Fiemg
lança núcleo em Minas
Meta é dobrar volume de empresas inovadoras
e elevar a competitividade da indústria.
RAFAEL TOMAZ.
23/11/2010 - A Federação das Indústrias
do Estado de Minas Gerais (Fiemg) lançou ontem, em Belo Horizonte,
o núcleo de inovação. O projeto foi criado pela
Mobilização Empresarial pela Inovação
(MEI) da Confederação Nacional da Indústria (CNI)
e visa dobrar o número de empresas inovadoras no país
e elevar a competitividade do setor industrial.
ALISSON
J. SILVA

Machado
(Fiemg) e Coutinho (BNDES): inovação
O núcleo
de Minas Gerais irá atender aproximadamente 200 empresas
na sensibilização, capacitação e assessoria
para a elaboração e implantação de planos
de gestão da inovação. O trabalho será
feito por meio de convênios firmados entre a CNI e a Financiadora
de Estudos e Projetos (Finep), do Ministério de Ciência
e Tecnologia (MCT).
Apesar
de registrar melhora no volume de investimentos em inovação,
o Brasil ainda apresenta taxas abaixo de países desenvolvidos,
o que contribui para a perda de competitividade.
De
acordo com o presidente do Banco Nacional de Desenvolvimento Econômico
e Social (BNDES), Luciano Coutinho, o atraso verificado no país
reflete a instabilidade da economia brasileira entre as décadas
de 80 e 90. "Este cenário impossibilitou que os empresários
tivessem uma visão de longo prazo, pois havia riscos em investir
na inovação", afirmou.
Por
outro lado, o presidente do banco de fomento afirmou que a atual
estabilidade e confiança na economia brasileira podem contribuir
para a expansão dos aportes privados em inovação.
Além disso, conforme ele, atualmente há linhas de
financiamento que permitem os investimentos.
Coutinho
ressaltou que somente entre janeiro e outubro o BNDES realizou desembolsos
da ordem de R$ 11 bilhões para Minas Gerais, o que representa
incremento da ordem de 66% na comparação com o mesmo
intervalo do ano passado. "Somente R$ 4,3 bilhões foram
para as micro e pequenas empresas (MPEs)", disse.
Importância - O presidente da Fiemg, Olavo Machado Júnior,
destacou a importância da inovação para o setor.
Conforme ele, os empreendedores devem buscar a melhoria dos processos,
independente do porte da empresa. "Todos os empresários,
grandes ou pequenos, em Minas Gerais devem ser inovadores para se
manter no mercado", disse.
ALISSON
J. SILVA

Coutinho:
atraso verificado reflete a instabilidade da economia brasileira
entre as décadas de 80 e 90
Ele
ressaltou que a inovação abrange várias áreas
dentro das empresas.
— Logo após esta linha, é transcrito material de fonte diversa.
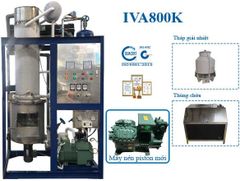 Máy làm đá viên 800KG công nghiệp IVA800K Mới 100%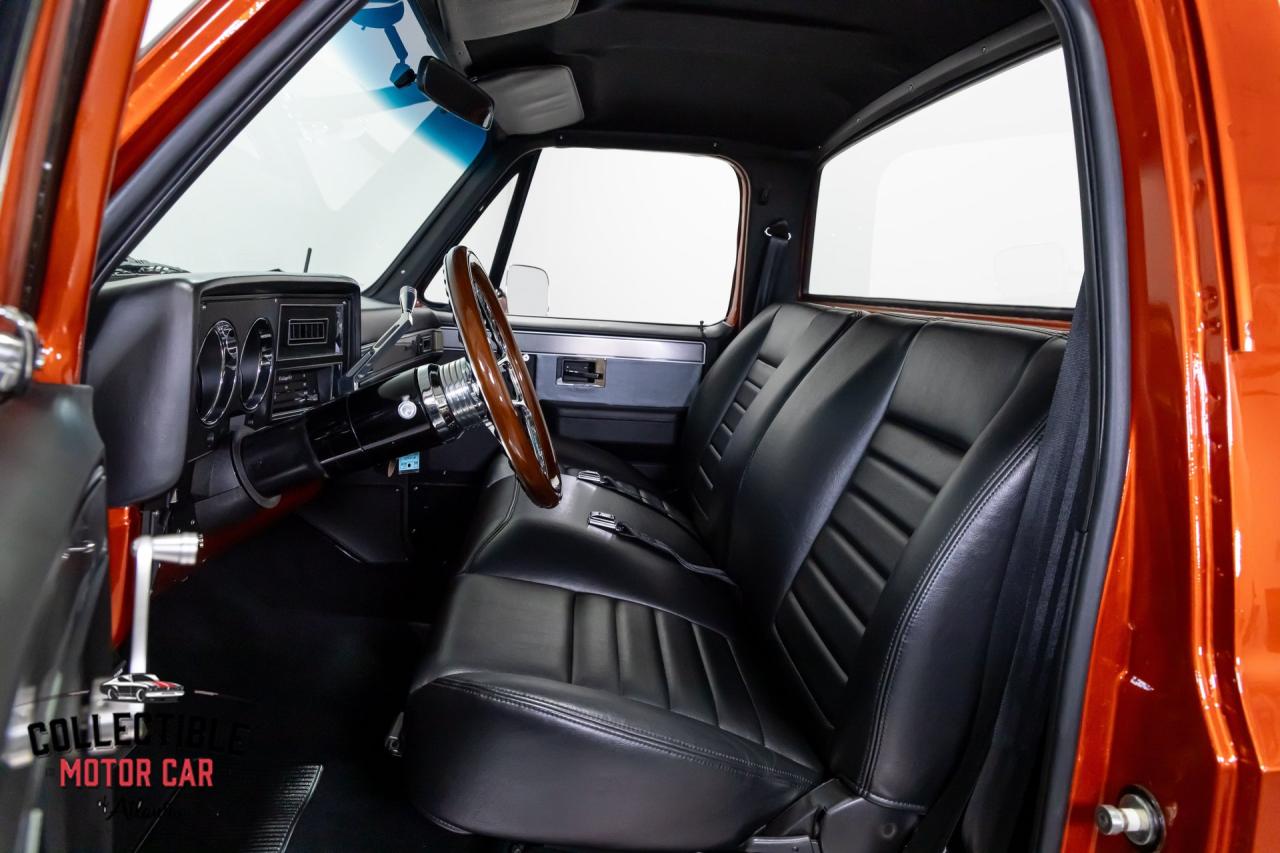 1983 Chevrolet C10 Restomod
Desde a melhora dos produtos até a parte
tecnológica. "É quando você consegue obter
diferenciais em relação à concorrência",
disse.
Já
o presidente da CNI, Robson Braga de Andrade, ressaltou que o fomento
no número de empresas inovadoras no país será
um dos principais projetos para a entidade nos próximos anos.
"Temos diversos temas em nossa pauta, como a desoneração
tributária, mas a inovação é um dos
principais pontos", afirmou.
Andrade
afirmou que a entidade pretende instalar núcleos de inovação
por todo o país. "Fechamos um convênio de R$ 50
milhões com o Serviço Brasileiro de Apoio às
Micro e Pequenas Empresas (Sebrae) para a implantação
de comitês regionais para fomentar a inovação",
disse. Ele lembrou que o projeto é viabilizado por meio de
parcerias como o BNDES e o Finep.
O secretário-executivo
do MCT, Luiz Antônio Elias, afirmou durante o evento de lançamento
do núcleo que o Brasil atravessa um ciclo robusto de investimentos.
"Neste contexto é necessário o progresso técnico
do setor produtivo", ressaltou.
De
acordo com ele, as grandes players mundiais em diversos setores
mantiveram os aportes em inovação mesmo em meio a
crise financeira, que eclodiu no último trimestre de 2008.
Segundo Elias, este fato demonstra que a inovação
é necessária para o enfrentamento de cenários
negativos.
Ainda
conforme o secretário-executivo do ministério, a taxa
de crescimento da inovação no país vem crescendo
em uma taxa de aproximadamente 10% ao ano na atual década.